Task prompt:
All lines from the one containing "Aluguel de apartamento" through the end of the data below are to be transcribed exactly. Leave out the rest.

Available data:

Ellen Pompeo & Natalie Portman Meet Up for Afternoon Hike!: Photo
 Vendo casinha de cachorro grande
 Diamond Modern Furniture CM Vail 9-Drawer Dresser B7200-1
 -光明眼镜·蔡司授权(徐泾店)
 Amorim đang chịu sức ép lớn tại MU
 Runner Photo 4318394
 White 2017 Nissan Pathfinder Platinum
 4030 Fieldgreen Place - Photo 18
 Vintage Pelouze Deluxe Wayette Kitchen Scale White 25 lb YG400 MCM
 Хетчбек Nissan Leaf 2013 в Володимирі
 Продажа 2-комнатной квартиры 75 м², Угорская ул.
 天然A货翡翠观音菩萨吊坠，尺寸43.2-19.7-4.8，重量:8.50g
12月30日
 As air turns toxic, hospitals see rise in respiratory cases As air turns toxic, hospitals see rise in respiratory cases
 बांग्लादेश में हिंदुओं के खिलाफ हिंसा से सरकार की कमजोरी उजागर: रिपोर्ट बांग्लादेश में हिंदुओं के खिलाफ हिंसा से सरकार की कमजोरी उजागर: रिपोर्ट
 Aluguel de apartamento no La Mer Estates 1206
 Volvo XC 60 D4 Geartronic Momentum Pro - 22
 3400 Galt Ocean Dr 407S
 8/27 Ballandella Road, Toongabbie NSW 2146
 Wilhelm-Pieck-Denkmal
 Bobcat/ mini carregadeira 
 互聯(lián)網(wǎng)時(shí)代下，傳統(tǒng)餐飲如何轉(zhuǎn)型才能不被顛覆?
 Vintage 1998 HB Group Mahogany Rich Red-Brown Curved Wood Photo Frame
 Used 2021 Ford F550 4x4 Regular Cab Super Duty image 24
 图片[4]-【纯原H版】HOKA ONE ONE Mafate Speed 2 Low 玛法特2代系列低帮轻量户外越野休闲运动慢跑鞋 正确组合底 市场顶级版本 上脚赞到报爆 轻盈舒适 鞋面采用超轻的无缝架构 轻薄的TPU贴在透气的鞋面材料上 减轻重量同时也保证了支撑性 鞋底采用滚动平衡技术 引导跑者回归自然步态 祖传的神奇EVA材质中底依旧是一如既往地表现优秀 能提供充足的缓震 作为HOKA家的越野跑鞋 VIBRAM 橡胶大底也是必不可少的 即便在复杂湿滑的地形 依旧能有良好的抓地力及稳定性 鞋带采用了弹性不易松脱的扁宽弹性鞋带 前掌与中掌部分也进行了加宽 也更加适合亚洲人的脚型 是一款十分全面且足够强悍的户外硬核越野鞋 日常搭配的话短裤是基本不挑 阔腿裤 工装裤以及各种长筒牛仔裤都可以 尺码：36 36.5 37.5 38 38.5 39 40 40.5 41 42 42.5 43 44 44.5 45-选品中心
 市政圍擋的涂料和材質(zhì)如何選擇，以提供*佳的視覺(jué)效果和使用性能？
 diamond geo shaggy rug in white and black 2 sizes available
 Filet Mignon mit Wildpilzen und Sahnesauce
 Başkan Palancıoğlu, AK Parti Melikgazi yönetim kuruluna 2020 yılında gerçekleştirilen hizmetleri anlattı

Reply to the task:
 Aluguel de apartamento no La Mer Estates 1206
 Volvo XC 60 D4 Geartronic Momentum Pro - 22
 3400 Galt Ocean Dr 407S
 8/27 Ballandella Road, Toongabbie NSW 2146
 Wilhelm-Pieck-Denkmal
 Bobcat/ mini carregadeira 
 互聯(lián)網(wǎng)時(shí)代下，傳統(tǒng)餐飲如何轉(zhuǎn)型才能不被顛覆?
 Vintage 1998 HB Group Mahogany Rich Red-Brown Curved Wood Photo Frame
 Used 2021 Ford F550 4x4 Regular Cab Super Duty image 24
 图片[4]-【纯原H版】HOKA ONE ONE Mafate Speed 2 Low 玛法特2代系列低帮轻量户外越野休闲运动慢跑鞋 正确组合底 市场顶级版本 上脚赞到报爆 轻盈舒适 鞋面采用超轻的无缝架构 轻薄的TPU贴在透气的鞋面材料上 减轻重量同时也保证了支撑性 鞋底采用滚动平衡技术 引导跑者回归自然步态 祖传的神奇EVA材质中底依旧是一如既往地表现优秀 能提供充足的缓震 作为HOKA家的越野跑鞋 VIBRAM 橡胶大底也是必不可少的 即便在复杂湿滑的地形 依旧能有良好的抓地力及稳定性 鞋带采用了弹性不易松脱的扁宽弹性鞋带 前掌与中掌部分也进行了加宽 也更加适合亚洲人的脚型 是一款十分全面且足够强悍的户外硬核越野鞋 日常搭配的话短裤是基本不挑 阔腿裤 工装裤以及各种长筒牛仔裤都可以 尺码：36 36.5 37.5 38 38.5 39 40 40.5 41 42 42.5 43 44 44.5 45-选品中心
 市政圍擋的涂料和材質(zhì)如何選擇，以提供*佳的視覺(jué)效果和使用性能？
 diamond geo shaggy rug in white and black 2 sizes available
 Filet Mignon mit Wildpilzen und Sahnesauce
 Başkan Palancıoğlu, AK Parti Melikgazi yönetim kuruluna 2020 yılında gerçekleştirilen hizmetleri anlattı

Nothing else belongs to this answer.